AntiMicrobial-Knowledge Graph data resource: Machine learning model to identify new antibiotics

AntiMicrobial Knowledge Graph (KG) is an exhaustive data warehouse of experimentally validated antibacterial chemicals covering Gram-positive, Gram-negative, acid-fast bacteria and fungi. The AntiMicrobial-KG connects data from different compound libraries to aid the identification of new antimicrobial compounds. The machine learning model (ML) has been trained on publicly available in vitro data, representing the first ever MIC (minimum inhibitory concentration) aggregated dataset in a FAIR-compliant format. The models are customizable and open source. They are also interpretable, making it possible to decipher the physicochemical properties required for bacterial and fungal activity, supporting chemical optimization in antimicrobial drug discovery.

The model has been published in Journal of Chemical Information and Modeling and all resources are available for download from the AntiMicrobial-KG website at SciLifeLab, allowing users to search the database and use the pre-trained models for compound activity prediction. For those who want to download and run the AntiMicrobial-KG locally.

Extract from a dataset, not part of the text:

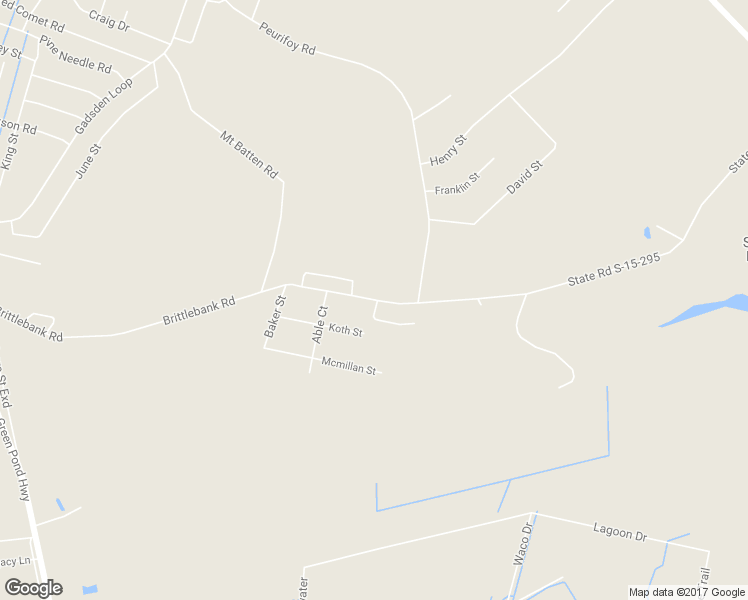 map of restaurants, bars, coffee shops, grocery stores, and more near 231 Brittlebank Road in Walterboro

  • The antimicrobial knowledge graph (AntiMicrobial-KG) is a repository for collecting and visualizing public in vitro antibacterial assay. Utilizing this data, we built ML models to efficiently scan compound libraries to identify compounds with the potential to exhibit antimicrobial activity. The strategy involved training seven classic ML models across six compound fingerprint representations.
  • Gadiya Y, Genilloud O, Bilitewski U, et al. Predicting Antimicrobial Class Specificity of Small Molecules Using Machine Learning. Journal of Chemical Information and Modeling. Published online February 23, 2025. 2025:65(5);2416-2413. doi:10.1021/ACS.JCIM.4C02347

The AntiMicrobial Knowledge Graph (KG) is an exhaustive data warehouse of experimentally validated antibacterial chemicals covering Gram-positive, Gram-negative, acid-fast bacteria and fungi. The construction of the AntiMicrobial-KG involved collecting minimum inhibitory concentration (MIC) data from three different public data resources that can be accessed from https://antimicrobial-kg.serve.scilifelab.se/.

Data and models are also available for download from the IMI-COMBINE GitHub repository and Zenodo.

How was the AntiMicrobial-KG developed?

The AntiMicrobial-KG Database was developed within the framework of the Innovative Medicines Initiative (IMI) AMR Accelerator program’s Scientific Interest Group on Machine Learning, coordinated by the COMBINE project.. Utilizing this data, the AMR Accelerator projects have built ML models to efficiently scan compound libraries to identify compounds with the potential to exhibit antimicrobial activity. Using Random Forest and XGBoost algorithms, classification models on four classes of microorganisms (gram-positive, gram-negative, acid-fast, and fungi), that outperform existing models, were developed. The ML model has been tested on the EU-OPENSCREEN screening library to demonstrate its applicability in a laboratory setting.

The ML model is trained on a large aggregation of a public bioassay datasets. The model and code can be downloaded and trained on other datasets, expanding the applicability and confidence of model predictions for research and development. The AntiMicrobial-KG and models are built from Python scripts for model training, exploratory analysis, and KG generation, available on GitHub.

How does the AntiMicrobial-KG add value?

Making selections of compounds based on model predictions could eventually decrease the experimental cost associated with antimicrobial screening. As the model is pre-trained, it can be used to build a compound library from scratch with chemicals that have a higher tendency to demonstrate activity in vitro. It is also cost-effective: instead of using high-throughput screening of different compound libraries to identify an active compound, the model can identify a subset of compounds that are more likely to be active. By using the ML model in early compound screening, ML predictions of compound libraries can reduce the cost associated with screening by filtering libraries into smaller subsets with a higher probability of activity.